Junto a los dos protagonistas principales cabe destacar la enorme composición de Lloyd Nolan como Woodfoot un trampero alcoholizado pero de una gran sabiduría y humanidad. Su actuación eclipsa a los otros dos integrantes del grupo: Debra Paget, sustituta en el último instante de Anne Bancroft, de nuevo en un papel de india y un desubicado Russ Tamblyn como el mestizo Jimmy.



“La última caza”, en resumen, aporta una visión desoladora, negativa y pesimista de la conquista del Oeste en un momento en el que la sociedad norteamericana se encontraba en pleno debate como consecuencia del final de la Guerra de Corea (1950-1953), por lo que parece lógico que no recibiera el apoyo del público estadounidense. Pero, en todo caso, es un gran y original wéstern en el que su director pretendió mostrar que los EEUU eran: “Un poco ellos mismos y los animales que lo formaban” por lo que “era preciso que comprendiesen que destruirlos equivalía a destruirse a sí mismos”, y cuya recuperación se me antoja urgente y necesaria.


(1) Entre otros llevó a la pantalla grande a Dostoevsky con “Los hermanos Karamazov” (1956), a Sinclair Lewis con “El fuego y la palabra” (1960), a Joseph Conrad en “Lord Jim” (1965) y a Truman Capote con la escalofriante “A sangre fría” (1967); además de realizar la adaptación de “La gata sobre el tejado de zinc” (1958) y “Dulce pájaro de juventud” (1962), dos de las más conocidas obras de teatro de Tenesse Wiliams, uno de sus autores favoritos.

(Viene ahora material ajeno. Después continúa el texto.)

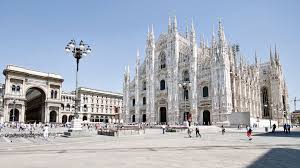 MILANO SCIPPA TURISTI A ROMA ANCHE SENZA L’EXPO, E’ BOOM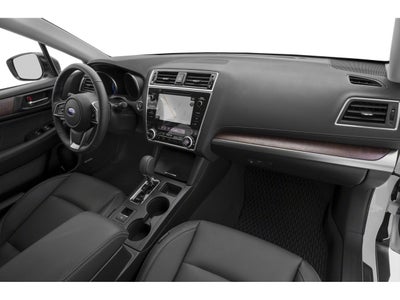 2019 Subaru Outback Limited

(2) Milton Lott fue derrotado por William Faulkner y su novela ambientada en la I Guerra Mundial “Una fábula”. Dicho texto serviría de inspiración en 1957 a Stanley Kubrik a la hora de escribir y rodar “Senderos de gloria”, su gran alegato antibelicista.

(3) El productor, hábilmente, cambió de roles a los dos protagonistas respecto a la película de Thorpe en la que Taylor era el hermano digno de llevar el apellido de la casa Shore, mientras que Granger se ocupaba de un personaje negativo.

(4) A cualquiera que dude de las dotes interpretativos del actor le invitaría a que lo viera en esta película junto a otras como “La Puerta del Diablo” (Anthony Mann,1950), “Más rápido que el viento” (Robert Parrish, 1958) o, por citar un filme de otro género, “Chicago año 30” (Nicholas Ray, 1958). Todas ellas cuentan con actuaciones brillantísimas del intérprete nacido en Nebraska.